Josefina Zoila Gálvez Pérez (19 May 1899 – 26 November 1985) was an Afro-Cuban opera singer. A coloratura soprano, she toured internationally and later became an educator.

== Biography ==
Zoila Gálvez was born on 19 May 1899 in Guanajay, Cuba. Her mother was a former enslaved person who had learned to read and her father was Colonel Jose Gálvez of the Cuban Liberation Army. She began playing piano at age six and studied at the conservatory of José Menéndez Areizaga in Pinar del Río. The family moved to Havana in 1910.
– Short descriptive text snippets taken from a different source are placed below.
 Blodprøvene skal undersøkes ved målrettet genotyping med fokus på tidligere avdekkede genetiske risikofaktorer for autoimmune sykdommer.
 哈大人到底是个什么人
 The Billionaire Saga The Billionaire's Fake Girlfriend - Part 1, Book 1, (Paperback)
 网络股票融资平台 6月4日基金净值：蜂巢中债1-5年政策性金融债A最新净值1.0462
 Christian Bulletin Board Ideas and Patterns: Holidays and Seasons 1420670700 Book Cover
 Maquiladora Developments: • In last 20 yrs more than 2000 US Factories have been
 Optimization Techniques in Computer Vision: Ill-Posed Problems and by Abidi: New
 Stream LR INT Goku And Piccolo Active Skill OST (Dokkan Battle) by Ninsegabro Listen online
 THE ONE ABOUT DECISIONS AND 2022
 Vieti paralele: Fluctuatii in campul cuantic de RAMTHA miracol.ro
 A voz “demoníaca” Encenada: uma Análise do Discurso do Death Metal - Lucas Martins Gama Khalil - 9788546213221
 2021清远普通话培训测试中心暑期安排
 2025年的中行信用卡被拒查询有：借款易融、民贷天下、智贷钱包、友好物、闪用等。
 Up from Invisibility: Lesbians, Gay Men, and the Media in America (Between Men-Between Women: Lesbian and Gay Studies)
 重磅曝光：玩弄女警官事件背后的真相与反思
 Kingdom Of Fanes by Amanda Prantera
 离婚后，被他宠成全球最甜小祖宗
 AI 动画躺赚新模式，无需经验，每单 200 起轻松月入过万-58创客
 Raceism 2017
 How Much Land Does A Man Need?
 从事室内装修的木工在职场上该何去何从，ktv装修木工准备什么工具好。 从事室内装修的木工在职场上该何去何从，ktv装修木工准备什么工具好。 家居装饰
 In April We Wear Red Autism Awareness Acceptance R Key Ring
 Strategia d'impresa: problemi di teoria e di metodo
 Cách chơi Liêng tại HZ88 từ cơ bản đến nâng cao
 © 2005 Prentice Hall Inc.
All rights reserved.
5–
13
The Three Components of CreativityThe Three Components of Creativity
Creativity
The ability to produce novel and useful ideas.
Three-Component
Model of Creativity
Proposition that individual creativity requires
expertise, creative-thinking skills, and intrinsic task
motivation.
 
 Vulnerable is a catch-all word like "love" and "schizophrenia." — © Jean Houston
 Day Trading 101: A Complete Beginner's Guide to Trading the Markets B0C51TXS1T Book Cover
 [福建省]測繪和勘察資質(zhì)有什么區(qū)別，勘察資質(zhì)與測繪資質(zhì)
Gálvez studied piano at the Hubert de Blanck Conservatory, earning degrees in piano, solfège, and music theory in 1917. She continued studying voice there under Tina Farelli and Arturo Bovi. With the encouragement of her teachers, she studied in Milan under Giacomo Marino at the Milan Conservatory, later studying with Alessandro Moreschi and at the Accademia Nazionale di Santa Cecilia in Rome.

She made her debut in Milan in the 1920s at the Teatro Dal Verme as Amina in Vincenzo Bellini’s La Sonnambula and Gilda in Giuseppe Verdi’s Rigoletto. She spent the next four years performing, most notably as lead in Verdi’s Rigoletto in Rome in 1924. She moved to Spain and studied under tenor Francisco Viñas in Barcelona. She performed in Spain, France, the US, and Mexico, and made her Cuban debut in 1925 with the Havana Symphony Orchestra under Gonzalo Roig.

Successful elsewhere, she failed to make inroads in the United States due to racism. She auditioned at The Town Hall in New York City with the "Shadow Waltz" from Giacomo Meyerbeer's Dinorah and despite an enthusiastic response from the jurors in person, she was not asked to perform. She did find a receptive audience amongst African-Americans, however. She performed in the musical revue Rang-Tang and gave solo concerts at venues like Harlem's Grace Congregational Church, singing African-American spirituals in addition to arias and Cuban music.

She returned to Cuba in 1929, where she performed in person and on the radio. In 1939, she began teaching at the Conservatorio Municipal de La Habana, now the Conservatorio Amadeo Roldán, which she did on and off until 1972. In the 1950s, she returned to performing in the United States, finally appearing at The Town Hall in 1951 and at Carnegie Hall in 1953, the latter accompanied by Hungarian pianist Borislav Bazala. Following the Cuban Revolution, she was an active supporter of the communist party. She gave her last public performance in 1966 at the Palace of Fine Arts in Havana.

Zoila Gálvez died on 26 November 1985 in Havana.